Ensie 1947

Redactie H.A. Enno van Gelder, Jakob Pieter Kruijt, Jan van den Brink, Johan Valkhoff (1947)

Gepubliceerd op 05-06-2019

Kinderrecht

betekenis & definitie

Het begrip kinderrecht omvat in de ruimste zin alle met betrekking tot minderjarigen bestaande rechtsregelen; in de engere, wel meer gebruikelijke zin, waarin het ook hier zal worden beschreven, pleegt men eronder te begrijpen hetgeen met betrekking tot minderjarigen voorkomt in ons Burgerlijk Wetboek, onze Wetboeken van Strafrecht en Strafvordering en de tot uitvoering daarvan gegeven wetten en besluiten.

De naam kinderrecht vond ingang en het daardoor bestreken gebied werd afzonderlijk object van studie, toen de z.g. Kinderwetten van 1901, welke op dit gebied ons burgerlijk recht en ons strafrecht een ingrijpende wijziging deden ondergaan, de bescherming van het kind, vooral van het met sociale ontsporing bedreigde kind, in het middelpunt der belangstelling plaatsten en aan het particuliere charitatieve kinderbeschermingswerk zijn wettelijke grondslag gaven. Sinds de totstandkoming van de kinderwetten in 1901 werd het kinderrecht nog herhaaldelijk gewijzigd, laatstelijk, wat het burgerlijk kinderrecht betreft, vrij ingrijpend in 1947. Een beknopte beschrijving van de door het kinderrecht bestreken stof moge hier volgen.

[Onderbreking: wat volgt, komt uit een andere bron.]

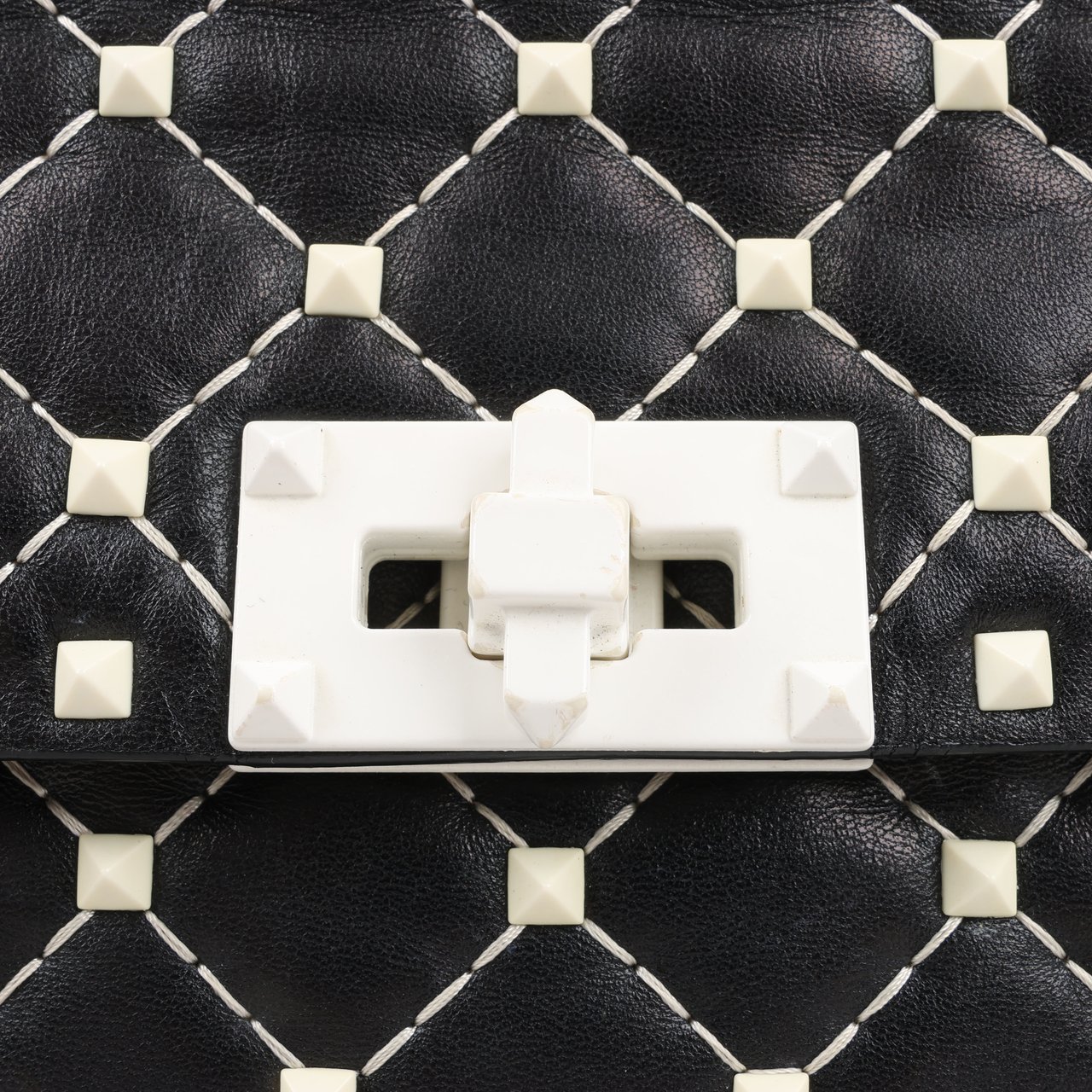 Valentino Garavani Valentino Rockstud Spike Chain 2Way Shoulder Bag in Black x White Divers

Minderjarig zijn in het algemeen degenen die de leeftijd van 21 jaar nog niet hebben bereikt; ook voordien kan echter aan de minderjarigheid een einde Minderkomen, nl. door huwelijk of door de z.g. jarigheid meerderjarigverklaring, welke aan twintigjarigen met goedkeuring van de Kroon kan worden verleend door de Hoge Raad; hiernaast verdient vermelding, dat achttienjarigen van de Kantonrechter een z.g. beperkte handlichting kunnen verkrijgen, waardoor zij met betrekking tot bepaalde rechtshandelingen met meerderjarigen gelijk worden gesteld.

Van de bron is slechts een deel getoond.